The spirit of extravagance: Joseph von Sternberg and Marlene Dietrich

No one in twentieth century cinema wore costumes with the panache of Marlene Dietrich, and no one photographed a person, men and women, in costume as fetchingly as Joseph von Sternberg. Thanks to Criterion’s Dietrich & von Sternberg in Hollywood, viewers can watch the six films in which von Sternberg turned the German born chanteuse into an icon who never ossified into a public monument: her wit, vitality, and irony blew away the Norma Shearers and Ruth Chattertons making the transition into sound (but not Garbo or Stanwyck). These 2K or 4K digital restorations prove revelatory; it’s possible the films didn’t look this crisp in the 1930s.

I’ve seen Morocco, Shanghai Express, and The Scarlet Empress, the zeniths of the Von Sternberg-Dietrich collaborations. I can’t wait to watch them again, particularly Shanghai Express. But I want to concentrate on 1935’s The Devil is a Woman, not the looniest of the six but the most emblematic, for its box office failure spooked Paramount and showed von Sternberg that audiences had become accustomed to a more loquacious cinema. It’s also possible that audiences thought The Devil is a Woman more ponderous cinema too. Although it has its defenders, the film’s uneven pacing can’t support its rickety plot: best friends Cesar Romero and Lionel Atvill, a revolutionary and Civil Guard captain, respectively, as the corners of a love triangle involving Dietrich, playing a cigarette factory girl named, of course, Conchita Perez.
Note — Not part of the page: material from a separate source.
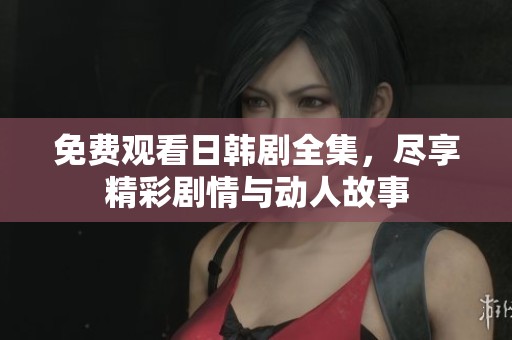 免费观看日韩剧全集，尽享精彩剧情与动人故事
To watch a von Sternberg picture for sense is to risk stepping on a rake, however. What impresses about The Devil is a Woman is the director’s breathtaking command of form. His camera glides, a silent predator, as Concha, after performing “Three Sweethearts Have I,” takes her bows to the galley, ascends to the balcony. Popping balloons serve as a leitmotif, an example of Romero’s rakishness (he loves using a slingshot) and as a symbol of Concha’s effect on these pompous men. A master of the incongruous dissolve, von Sternberg relishes seguing from crowds and balloons to Dietrich’s face, a living, puckered zinger. To von Sternberg, decor and costumes aren’t secondary — they’re the point of his films, often the subjects. As Dietrich’s Concha discards one costume for another, a tension emerges between their increasing absurdity and her self-mocking demeanor. It isn’t exactly that Atvill and Romero aren’t up to Dietrich (although in Atvill’s case, given his pompous, stiff playing of a pompous, stiff man, perhaps) so much as von Sternberg saw romantic imbroglios as fragments in larger elaborate patterns of visual extravagance; the audience was supposed to revel in the total conception, not root for this or that person. For von Sternberg, Andrew Sarris wrote, “sex is less the hard currency of politics than its shaping spirit.” Yet Dietrich got the bon mots. Howard Hawks, not often acknowledged for the subtlety of his framing, would later work with von Sternberg favorite Jules Furthman, screenwriter of Morocco and Shanghai Express, but not, alas, The Devi is a Woman, written by, of all people, John Dos Passos.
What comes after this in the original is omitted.